Saved data entries

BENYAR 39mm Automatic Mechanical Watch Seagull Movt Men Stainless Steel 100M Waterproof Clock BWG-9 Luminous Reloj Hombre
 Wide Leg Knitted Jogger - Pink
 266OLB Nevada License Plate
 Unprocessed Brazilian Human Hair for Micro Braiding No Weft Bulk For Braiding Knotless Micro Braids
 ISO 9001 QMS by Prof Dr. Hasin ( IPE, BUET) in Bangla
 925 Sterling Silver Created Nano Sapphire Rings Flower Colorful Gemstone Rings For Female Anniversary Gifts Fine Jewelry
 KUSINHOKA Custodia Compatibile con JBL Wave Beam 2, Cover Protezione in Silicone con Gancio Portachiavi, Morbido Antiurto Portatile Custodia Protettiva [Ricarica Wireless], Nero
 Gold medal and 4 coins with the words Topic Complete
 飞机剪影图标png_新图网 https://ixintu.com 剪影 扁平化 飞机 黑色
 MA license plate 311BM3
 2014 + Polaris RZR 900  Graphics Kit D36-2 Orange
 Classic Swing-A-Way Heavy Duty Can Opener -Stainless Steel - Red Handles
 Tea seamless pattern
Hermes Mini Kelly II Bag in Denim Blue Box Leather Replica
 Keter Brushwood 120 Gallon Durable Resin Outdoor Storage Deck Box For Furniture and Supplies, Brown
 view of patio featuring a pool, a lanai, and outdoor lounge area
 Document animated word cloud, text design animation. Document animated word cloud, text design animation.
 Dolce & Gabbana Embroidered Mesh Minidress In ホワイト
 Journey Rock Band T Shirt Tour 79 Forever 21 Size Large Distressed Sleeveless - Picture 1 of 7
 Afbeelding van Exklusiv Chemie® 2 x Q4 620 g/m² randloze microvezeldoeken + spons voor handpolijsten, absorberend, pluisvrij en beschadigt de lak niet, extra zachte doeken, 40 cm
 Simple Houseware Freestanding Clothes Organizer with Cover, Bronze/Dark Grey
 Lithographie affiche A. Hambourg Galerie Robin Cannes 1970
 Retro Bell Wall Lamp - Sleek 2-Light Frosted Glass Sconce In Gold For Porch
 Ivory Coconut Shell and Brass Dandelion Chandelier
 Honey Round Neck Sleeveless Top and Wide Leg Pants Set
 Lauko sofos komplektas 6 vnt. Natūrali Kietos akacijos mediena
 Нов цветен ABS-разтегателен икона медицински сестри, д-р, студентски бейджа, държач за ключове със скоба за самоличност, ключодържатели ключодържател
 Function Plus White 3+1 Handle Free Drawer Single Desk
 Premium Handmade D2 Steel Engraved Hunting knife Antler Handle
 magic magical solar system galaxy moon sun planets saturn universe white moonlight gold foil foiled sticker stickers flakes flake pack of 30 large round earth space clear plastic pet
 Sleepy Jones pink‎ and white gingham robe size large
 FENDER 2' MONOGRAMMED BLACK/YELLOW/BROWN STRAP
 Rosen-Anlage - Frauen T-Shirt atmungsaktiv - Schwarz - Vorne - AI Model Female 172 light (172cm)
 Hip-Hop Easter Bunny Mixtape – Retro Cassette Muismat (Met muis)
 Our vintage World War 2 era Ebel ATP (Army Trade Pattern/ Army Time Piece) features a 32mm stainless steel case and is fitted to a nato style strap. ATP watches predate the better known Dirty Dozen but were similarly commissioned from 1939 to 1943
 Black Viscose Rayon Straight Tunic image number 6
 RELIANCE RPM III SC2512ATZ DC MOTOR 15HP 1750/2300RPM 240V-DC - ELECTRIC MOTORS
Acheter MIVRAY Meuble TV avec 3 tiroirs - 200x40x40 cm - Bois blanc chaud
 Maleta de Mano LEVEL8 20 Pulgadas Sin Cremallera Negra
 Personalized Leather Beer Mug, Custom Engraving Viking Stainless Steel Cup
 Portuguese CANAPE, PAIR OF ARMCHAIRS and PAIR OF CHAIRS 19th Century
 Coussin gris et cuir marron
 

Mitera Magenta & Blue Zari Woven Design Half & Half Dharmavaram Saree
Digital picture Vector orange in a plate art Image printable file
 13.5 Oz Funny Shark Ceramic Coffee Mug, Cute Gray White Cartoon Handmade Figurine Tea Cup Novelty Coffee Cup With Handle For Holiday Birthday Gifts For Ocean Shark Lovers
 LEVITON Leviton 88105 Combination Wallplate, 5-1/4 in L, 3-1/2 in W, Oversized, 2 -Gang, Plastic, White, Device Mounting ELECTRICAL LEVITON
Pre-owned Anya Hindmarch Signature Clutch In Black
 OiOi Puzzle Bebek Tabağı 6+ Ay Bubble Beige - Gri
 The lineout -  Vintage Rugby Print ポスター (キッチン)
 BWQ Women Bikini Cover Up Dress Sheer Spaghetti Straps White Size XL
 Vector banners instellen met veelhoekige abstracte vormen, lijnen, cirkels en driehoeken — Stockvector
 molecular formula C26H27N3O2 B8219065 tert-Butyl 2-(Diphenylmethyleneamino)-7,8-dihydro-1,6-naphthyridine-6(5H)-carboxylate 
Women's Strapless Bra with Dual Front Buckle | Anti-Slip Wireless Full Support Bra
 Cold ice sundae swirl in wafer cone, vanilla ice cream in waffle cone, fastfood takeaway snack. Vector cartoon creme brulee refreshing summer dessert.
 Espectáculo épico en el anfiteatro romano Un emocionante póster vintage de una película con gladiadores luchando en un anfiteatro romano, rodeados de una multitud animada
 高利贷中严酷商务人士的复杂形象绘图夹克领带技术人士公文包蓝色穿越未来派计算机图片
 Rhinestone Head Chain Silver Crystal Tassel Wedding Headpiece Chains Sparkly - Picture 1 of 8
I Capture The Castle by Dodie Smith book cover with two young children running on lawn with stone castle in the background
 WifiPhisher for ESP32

Work order
Preserving every character, copy the records above out again.

Response to this task
BENYAR 39mm Automatic Mechanical Watch Seagull Movt Men Stainless Steel 100M Waterproof Clock BWG-9 Luminous Reloj Hombre
 Wide Leg Knitted Jogger - Pink
 266OLB Nevada License Plate
 Unprocessed Brazilian Human Hair for Micro Braiding No Weft Bulk For Braiding Knotless Micro Braids
 ISO 9001 QMS by Prof Dr. Hasin ( IPE, BUET) in Bangla
 925 Sterling Silver Created Nano Sapphire Rings Flower Colorful Gemstone Rings For Female Anniversary Gifts Fine Jewelry
 KUSINHOKA Custodia Compatibile con JBL Wave Beam 2, Cover Protezione in Silicone con Gancio Portachiavi, Morbido Antiurto Portatile Custodia Protettiva [Ricarica Wireless], Nero
 Gold medal and 4 coins with the words Topic Complete
 飞机剪影图标png_新图网 https://ixintu.com 剪影 扁平化 飞机 黑色
 MA license plate 311BM3
 2014 + Polaris RZR 900  Graphics Kit D36-2 Orange
 Classic Swing-A-Way Heavy Duty Can Opener -Stainless Steel - Red Handles
 Tea seamless pattern
Hermes Mini Kelly II Bag in Denim Blue Box Leather Replica
 Keter Brushwood 120 Gallon Durable Resin Outdoor Storage Deck Box For Furniture and Supplies, Brown
 view of patio featuring a pool, a lanai, and outdoor lounge area
 Document animated word cloud, text design animation. Document animated word cloud, text design animation.
 Dolce & Gabbana Embroidered Mesh Minidress In ホワイト
 Journey Rock Band T Shirt Tour 79 Forever 21 Size Large Distressed Sleeveless - Picture 1 of 7
 Afbeelding van Exklusiv Chemie® 2 x Q4 620 g/m² randloze microvezeldoeken + spons voor handpolijsten, absorberend, pluisvrij en beschadigt de lak niet, extra zachte doeken, 40 cm
 Simple Houseware Freestanding Clothes Organizer with Cover, Bronze/Dark Grey
 Lithographie affiche A. Hambourg Galerie Robin Cannes 1970
 Retro Bell Wall Lamp - Sleek 2-Light Frosted Glass Sconce In Gold For Porch
 Ivory Coconut Shell and Brass Dandelion Chandelier
 Honey Round Neck Sleeveless Top and Wide Leg Pants Set
 Lauko sofos komplektas 6 vnt. Natūrali Kietos akacijos mediena
 Нов цветен ABS-разтегателен икона медицински сестри, д-р, студентски бейджа, държач за ключове със скоба за самоличност, ключодържатели ключодържател
 Function Plus White 3+1 Handle Free Drawer Single Desk
 Premium Handmade D2 Steel Engraved Hunting knife Antler Handle
 magic magical solar system galaxy moon sun planets saturn universe white moonlight gold foil foiled sticker stickers flakes flake pack of 30 large round earth space clear plastic pet
 Sleepy Jones pink‎ and white gingham robe size large
 FENDER 2' MONOGRAMMED BLACK/YELLOW/BROWN STRAP
 Rosen-Anlage - Frauen T-Shirt atmungsaktiv - Schwarz - Vorne - AI Model Female 172 light (172cm)
 Hip-Hop Easter Bunny Mixtape – Retro Cassette Muismat (Met muis)
 Our vintage World War 2 era Ebel ATP (Army Trade Pattern/ Army Time Piece) features a 32mm stainless steel case and is fitted to a nato style strap. ATP watches predate the better known Dirty Dozen but were similarly commissioned from 1939 to 1943
 Black Viscose Rayon Straight Tunic image number 6
 RELIANCE RPM III SC2512ATZ DC MOTOR 15HP 1750/2300RPM 240V-DC - ELECTRIC MOTORS
Acheter MIVRAY Meuble TV avec 3 tiroirs - 200x40x40 cm - Bois blanc chaud
 Maleta de Mano LEVEL8 20 Pulgadas Sin Cremallera Negra
 Personalized Leather Beer Mug, Custom Engraving Viking Stainless Steel Cup
 Portuguese CANAPE, PAIR OF ARMCHAIRS and PAIR OF CHAIRS 19th Century
 Coussin gris et cuir marron
 

Mitera Magenta & Blue Zari Woven Design Half & Half Dharmavaram Saree
Digital picture Vector orange in a plate art Image printable file
 13.5 Oz Funny Shark Ceramic Coffee Mug, Cute Gray White Cartoon Handmade Figurine Tea Cup Novelty Coffee Cup With Handle For Holiday Birthday Gifts For Ocean Shark Lovers
 LEVITON Leviton 88105 Combination Wallplate, 5-1/4 in L, 3-1/2 in W, Oversized, 2 -Gang, Plastic, White, Device Mounting ELECTRICAL LEVITON
Pre-owned Anya Hindmarch Signature Clutch In Black
 OiOi Puzzle Bebek Tabağı 6+ Ay Bubble Beige - Gri
 The lineout -  Vintage Rugby Print ポスター (キッチン)
 BWQ Women Bikini Cover Up Dress Sheer Spaghetti Straps White Size XL
 Vector banners instellen met veelhoekige abstracte vormen, lijnen, cirkels en driehoeken — Stockvector
 molecular formula C26H27N3O2 B8219065 tert-Butyl 2-(Diphenylmethyleneamino)-7,8-dihydro-1,6-naphthyridine-6(5H)-carboxylate 
Women's Strapless Bra with Dual Front Buckle | Anti-Slip Wireless Full Support Bra
 Cold ice sundae swirl in wafer cone, vanilla ice cream in waffle cone, fastfood takeaway snack. Vector cartoon creme brulee refreshing summer dessert.
 Espectáculo épico en el anfiteatro romano Un emocionante póster vintage de una película con gladiadores luchando en un anfiteatro romano, rodeados de una multitud animada
 高利贷中严酷商务人士的复杂形象绘图夹克领带技术人士公文包蓝色穿越未来派计算机图片
 Rhinestone Head Chain Silver Crystal Tassel Wedding Headpiece Chains Sparkly - Picture 1 of 8
I Capture The Castle by Dodie Smith book cover with two young children running on lawn with stone castle in the background
 WifiPhisher for ESP32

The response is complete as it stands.